The 320M has some weird cult following, but all of the assertions of it being better than HD3000/4000/5000 for gaming or other performance related metrics are just false. HDx000 destroys it in almost every category.
You'd think so, but I found quite the contrary.
I owned both the 320M and HD4000 MBAs simultaneously, and even with an extra 2gb of RAM, the HD4000 machine ran hugely behind the 320M in actual gaming performance, especially with the detail / resolution cranked up.
I mostly play older titles so it's easy to run at higher settings. I found that the more detailed the scenes got, the greater advantage the 320M had. Complex scenes would hit 10-15fps and become unplayable on the HD4000 while the 320M would push through them at 25-35fps.
Basically the HD4000 would have FPS spikes in simpler scenes but then drown as soon as the going got too heavy.
I ran clean OSX installs on both machines, and honestly thought I was missing something until I read a few matching stories from others that had actually owned both machines.

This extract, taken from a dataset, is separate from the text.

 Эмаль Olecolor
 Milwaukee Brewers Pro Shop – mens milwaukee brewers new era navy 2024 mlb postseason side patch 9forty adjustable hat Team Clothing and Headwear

Why did I buy the newer model? Because like you I assumed that significantly higher benchmark scores meant significantly higher gaming performance. The reality was the opposite. I suspect the i5 is artificially boosting the scores compared to the c2d.

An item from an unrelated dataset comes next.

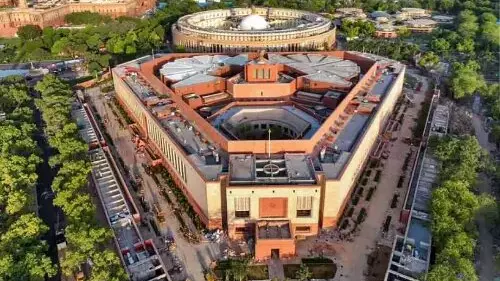 New Parliament building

The HD5000 might have finally matched or slightly exceeded the old 320M, but I'd honestly sooner buy an Asus ultrabook (nVidia or Iris) instead of the current MBA that has graphics performance dating back three years.
I don't think you can even call the MBA an ultrabook anymore (there is little 'ultra' about it apart from battery life), which is a real shame because it essentially coined the term.